The report also warns that most governments in the region have missed the opportunity to raise cheap funds to finance critical infrastructure spending. That will be a further constraint on growth and poverty reduction going forward.
ADB estimates that Asia needs to spend at least $8 trillion on infrastructure between 2010 and 2020 to sustain economic growth.
At the end of June, there were $6.8 trillion in local currency bonds outstanding in emerging East Asia, which is comprised of the People’s Republic of China (PRC); Hong Kong, China; Indonesia; the Republic of Korea; Malaysia; the Philippines; Singapore; Thailand; and Viet Nam. That was 1.7% more than at the end of March, but a slower growth rate than the 2.9% expansion seen in the first quarter of 2013 with investors now more cautious in the wake of the May announcement from the US Federal Reserve that it will soon start reducing its bond purchases.
Local currency bond issuance also continued in emerging East Asia, but still at a slow pace as some borrowers held back in the face of higher funding costs around the region. There were $827 billion in new bonds sold between April and June, 4.0% more than in January through March, largely thanks to a 26.8% increase in issuance by central governments and agencies.
Corporate issuance slumped 20.1% quarter-on-quarter to $168 billion as new bond sales by PRC companies tumbled 48.8%. Excluding the PRC, corporate issuance ticked up 1.4%.
Turmoil in the global financial markets has also made it harder and more expensive for emerging East Asian companies, particularly lower-rated firms, to borrow in the key foreign currencies – US dollars, euros, or yen.

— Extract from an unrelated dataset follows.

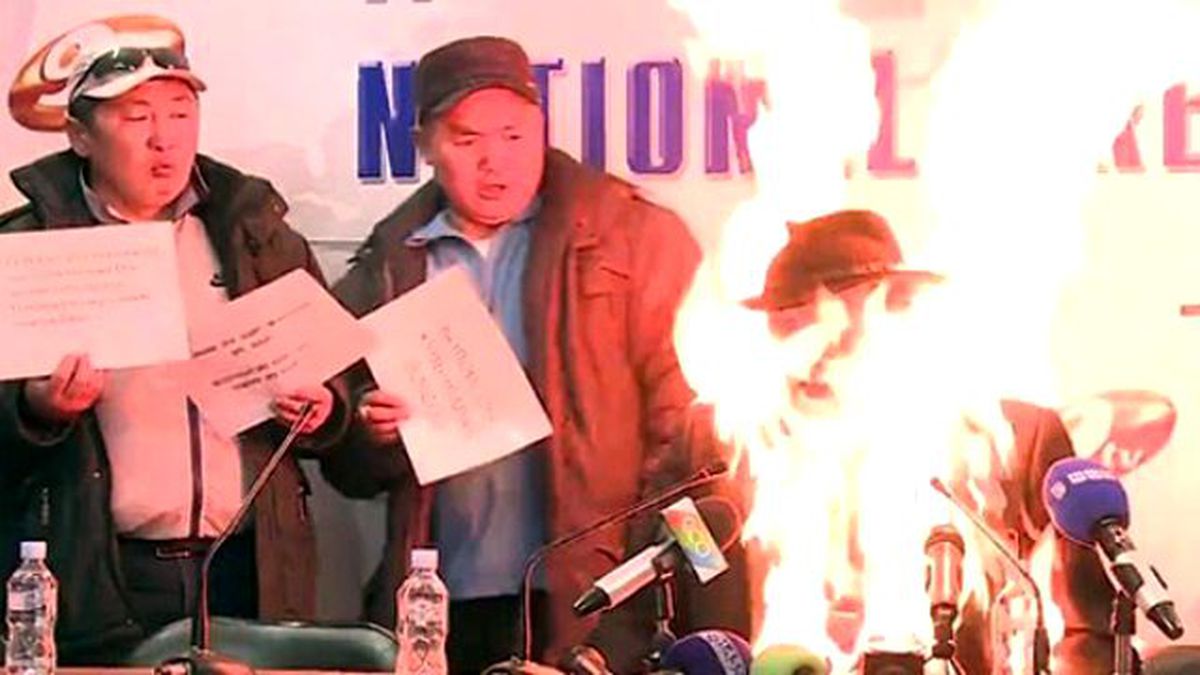 Konuşmacı Basın Toplantısında Kendisini Cayır Cayır Yaktı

After $81 billion in issuance in the first five months of 2013, June and July saw a total of just $7.5 billion raised.
Compared with 1997-1998 when Asia suffered a financial crisis, governments and companies now hold more of their debt in local rather than foreign currency and the debt is now longer-dated than it was, meaning they are less vulnerable to currency depreciation and sudden shifts in borrowing costs and investor appetite.
To build resilience and support growth, the region needs to continue to develop more stable sources of funding, including more foreign direct investment, which tends to be more stable than capital market investment, and encouraging a wider range of bond investors, including pension funds.

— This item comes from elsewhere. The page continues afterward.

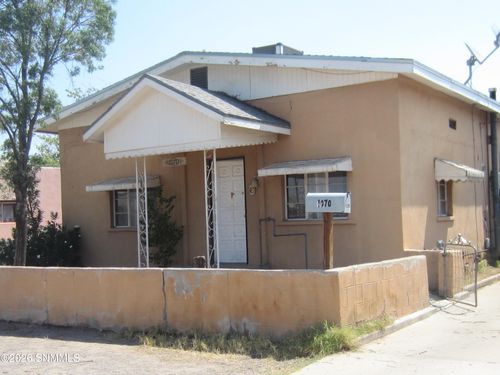 1070 N Tornillo St, Las Cruces, NM, 88001-2273 | Card Image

Insurance and pension fund investments, guarantees, and greater use of subordinated debt, alongside better project data, could also help channel more funds into transport, energy, telecommunications, and other infrastructure.
Market returns on Asian bonds have fallen sharply so far this year with the iBoxx Pan Asian Index falling 3.5% in US dollar, unhedged terms. Losses were largest in Indonesia, down 17.8% and Singapore, down 7.8%. Only the Philippines and the PRC markets saw gains of 7.5% and 3.1% respectively.